On Dec. 23, 1905, 100 years after Joseph Smith's birth, President Smith dedicated the Joseph Smith Memorial Monument in Sharon, Vt., on property acquired earlier in the year. In the summer of 1906, President Smith became the first president to travel overseas as he visited Europe. In 1907, he announced that, in large part due to the renewal of emphasis on tithing by President Snow, the Church had completely retired its debt. In a related development in 1908, Presiding Bishop Charles W. Nibley moved the Church to an all-cash basis and no longer issued tithing scrip.

As the debate on Darwinism and evolution continued in the national press, President Smith and his counselors issued an important statement on the origin of man that was published in the 1909 Improvement Era. This statement remains an important teaching of Church doctrine.

Other innovations in the Church in the first decade included the start of monthly magazines by the auxiliaries. The Juvenile Instructor was purchased in 1901 from the George Q. Cannon family by the Sunday School and became its official publication. The Primary started The Children's Friend in 1902.

Systematic courses of study throughout the Church were started for the Seventies in 1907, and a year later uniform courses of study began for all the priesthood quorums. Also in 1908, the Church's General Priesthood Committee recommended for the first time the ordination of young men to priesthood offices at specific ages. Recommendations at the time were for ordination of deacons at age 12, teachers at age 15, priests at age 18 and elders at age 21.

The Church was mindful of its history during the first decade of the 20th century. The five-volume documentary History of the Church, edited by Elder B. H. Roberts, was published, and a number of historic sites were purchased.

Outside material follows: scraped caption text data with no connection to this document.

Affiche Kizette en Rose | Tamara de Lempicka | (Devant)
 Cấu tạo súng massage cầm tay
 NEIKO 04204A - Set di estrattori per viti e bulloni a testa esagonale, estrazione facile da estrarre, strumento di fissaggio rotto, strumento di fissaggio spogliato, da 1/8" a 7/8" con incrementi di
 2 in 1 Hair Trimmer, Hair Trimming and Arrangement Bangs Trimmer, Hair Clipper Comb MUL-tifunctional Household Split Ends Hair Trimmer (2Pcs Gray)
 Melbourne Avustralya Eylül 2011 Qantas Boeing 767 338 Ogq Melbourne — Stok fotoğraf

Carthage Jail was acquired in 1903, and in 1904 the Church purchased 25 acres in Independence, Mo. The 100-acre Smith Farm near Palmyra, N.Y., including the Sacred Grove, was purchased in 1907. Additional land in Far West, Mo., was purchased in 1909.

So in the early 1900s as Bishop Jacobs avidly read his newspaper, the progress of the Church continued. One decade followed another, each bringing change and challenges. After nearly a century has come and gone, Bishop Jacobs' daughter, Oa Jacobs Cannon, who, in the intervening time, served as a member of the Relief Society general board from 1964-74 and was twice widowed, now lives in a comfortable assisted-living facility in Salt Lake City. She is far removed from the circumstances of her childhood. Nothing around her was made or grown at home. To keep busy, she finds projects to work on and has written several histories.

"It has been a great life," she said. "I can see that now, but it was hard while I was going through it."

She reflected on the passage of a century and the century's progress, and observed:

"There hasn't been so much a change in people as there has been a change in family life. People are busier now, but people don't spend as much time doing things that are real."